2 – Mucus gastro-intestinal

Le mucus sécrété par les cellules gastro-intestinales constitue une barrière physique contre l’absorption de grosses entités protéiques.
Cette barrière peut être interrompue lors de gastro entérites ou de colites.

3 – Plaques de Peyer

La présentation au tissu lymphoïde intestinal de petites quantités de protéines alimentaires intactes permet de limiter la réponse immunitaire en activant les lymphocytes T – suppresseurs : c’est la tolérance orale.
Les insuffisances de ces mécanismes ont une origine génétique. Ils sont évolutifs avec l’âge (Ng 2002).
Le développement de la balance immunitaire des lymphocytes T chez l’enfant est plus lent chez les atopiques. Une hypothèse hygiéniste est que la vie moderne est associée à une trop faible stimulation bactérienne précoce.
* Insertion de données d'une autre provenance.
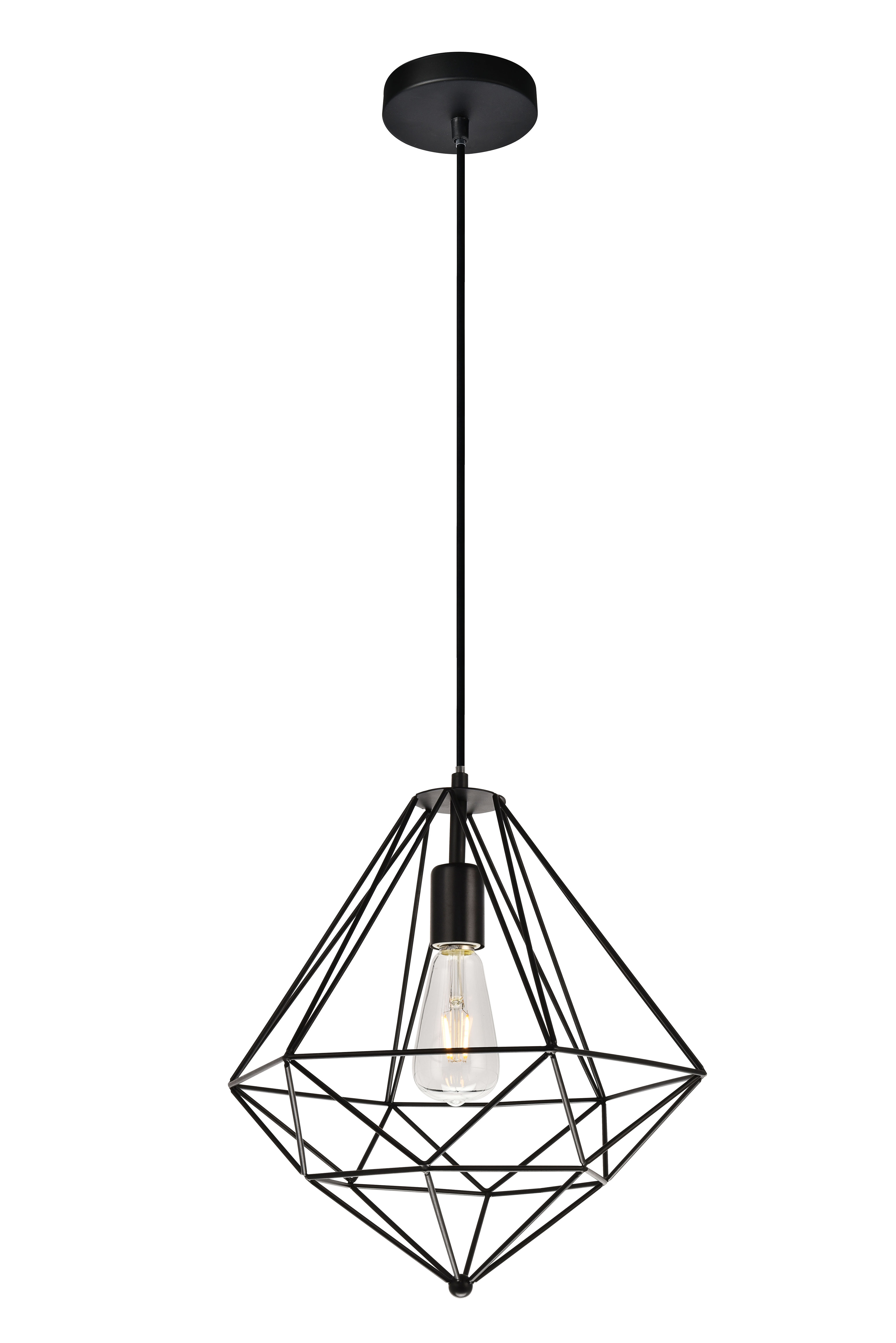 Pendant Collection Pendant D13.7 H14.9 Lt:1 DARK BRONZE Finish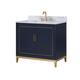 Option Pacific Blue with Carrara Marble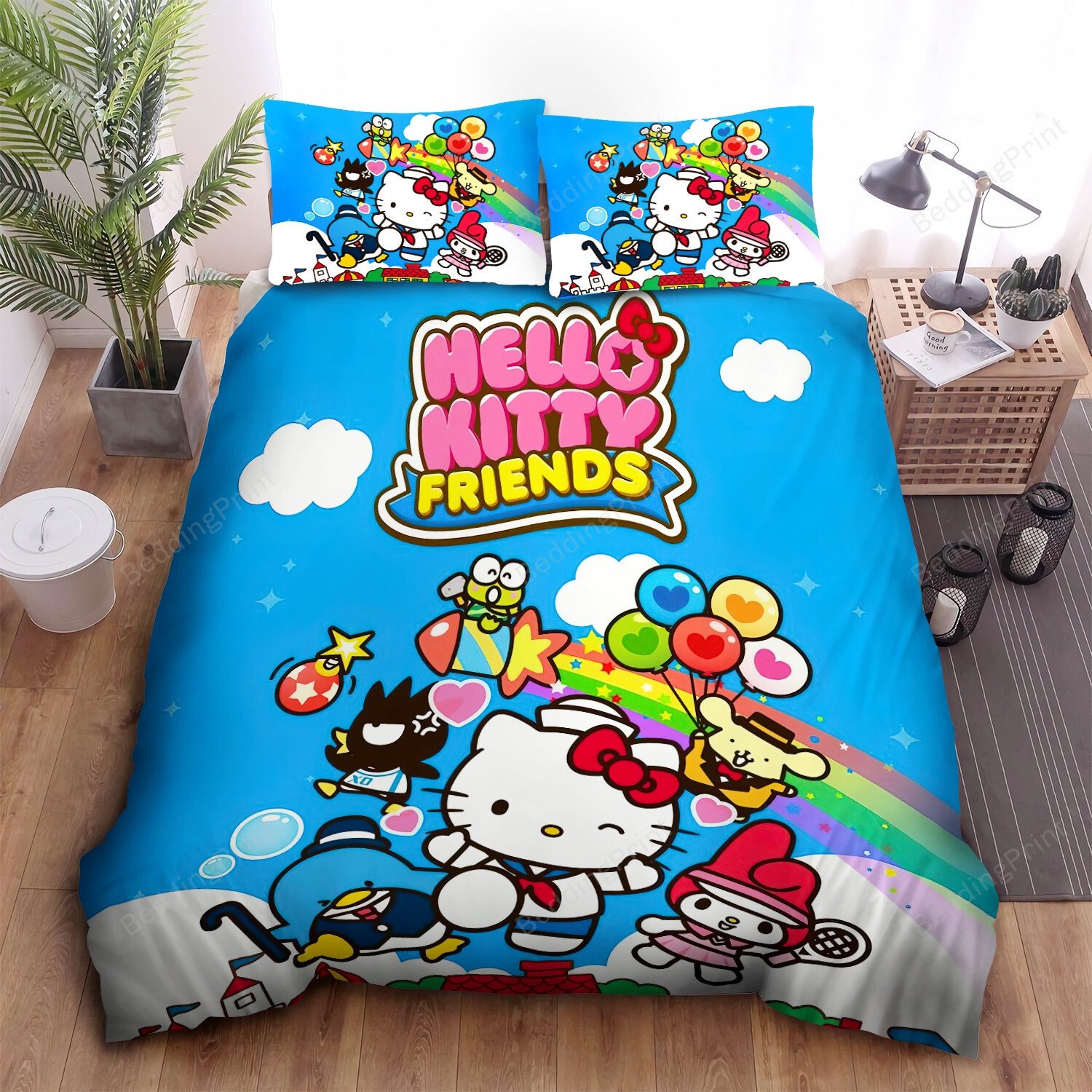 Hello Kitty And Friends Bed Sheets Duvet Cover Bedding Sets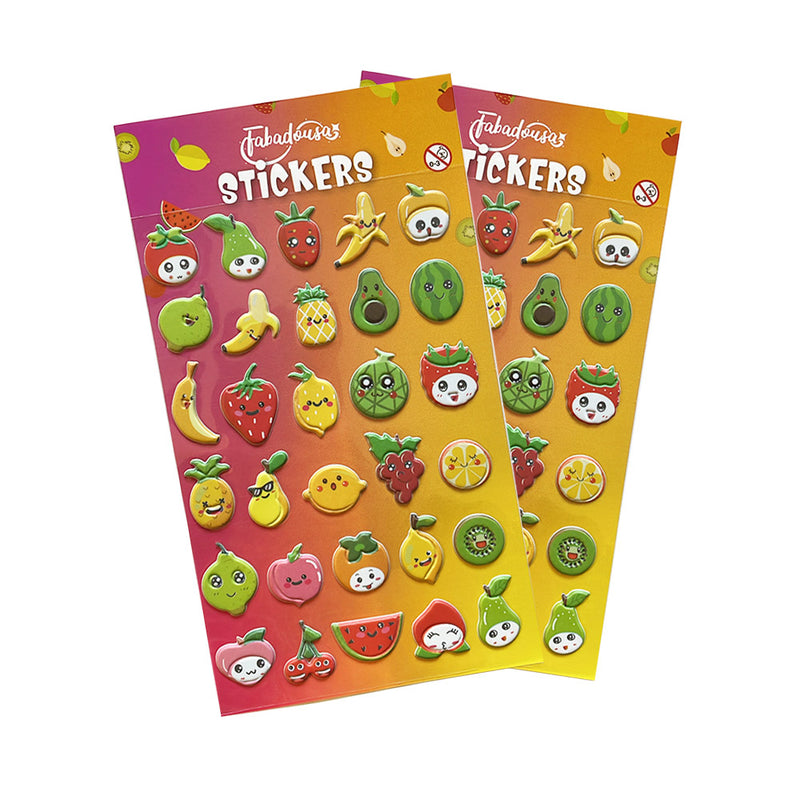 Fruit Stickers (Pack of 3 Sheets)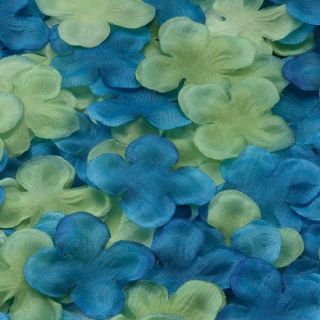 Flower Petals   Blue/Green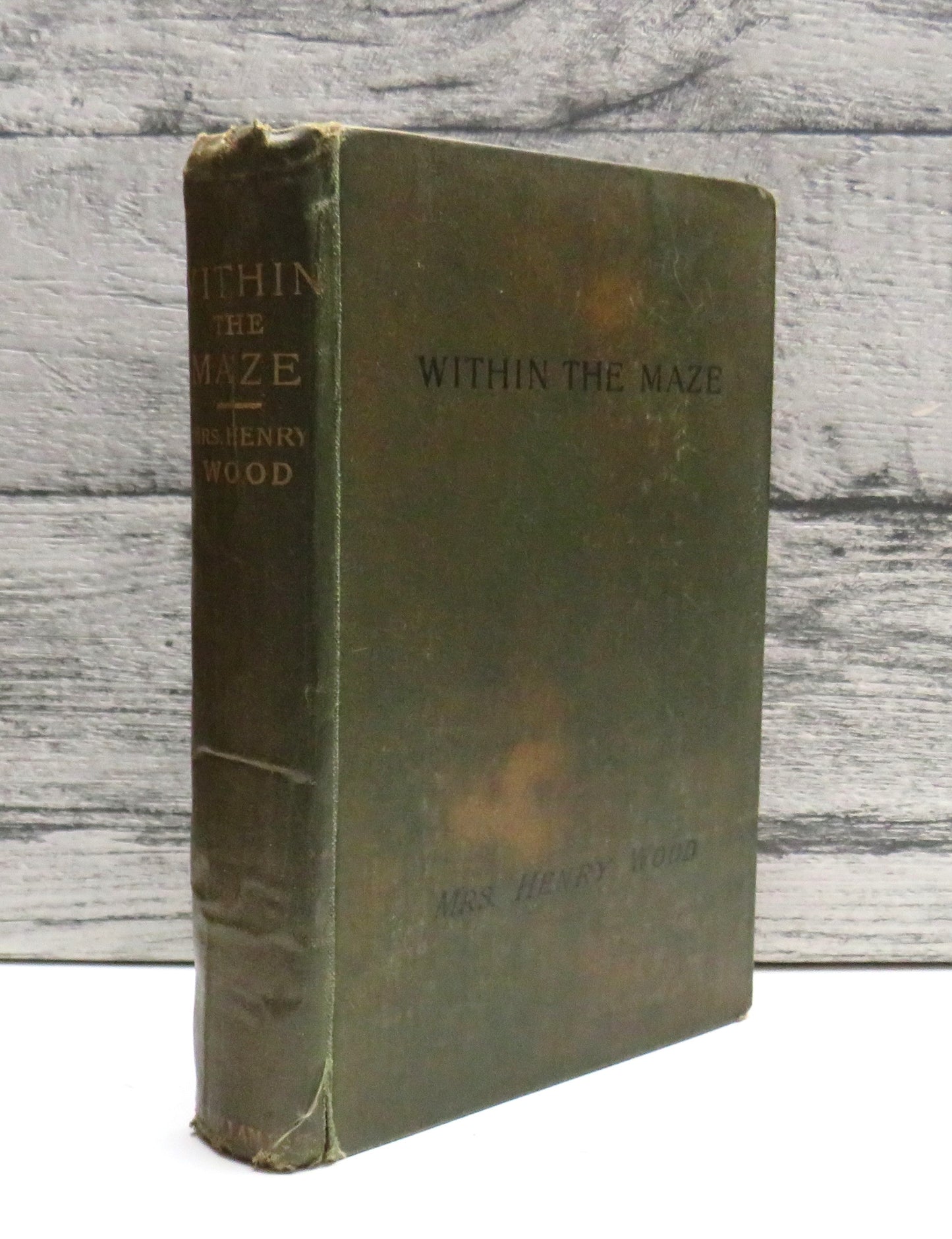 Within The Maze A Novel By Mrs Henry Wood 1906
Ce manque de stimulation du système immunitaire entraînerait une déficience des lymphocytes T suppresseurs aux allergènes rencontrés tôt dans la vie.
Le développement d’une flore bactérienne particulière avec les aliments industriels pourrait jouer un rôle dans la plus grande proportion d’allergies dans les pays industrialisés.
Des essais cliniques confirment le rôle important de la Flore intestinale dans la régulation allergénique et renforce l’intérêt des études sur les probiotiques. (Björkstén 2002)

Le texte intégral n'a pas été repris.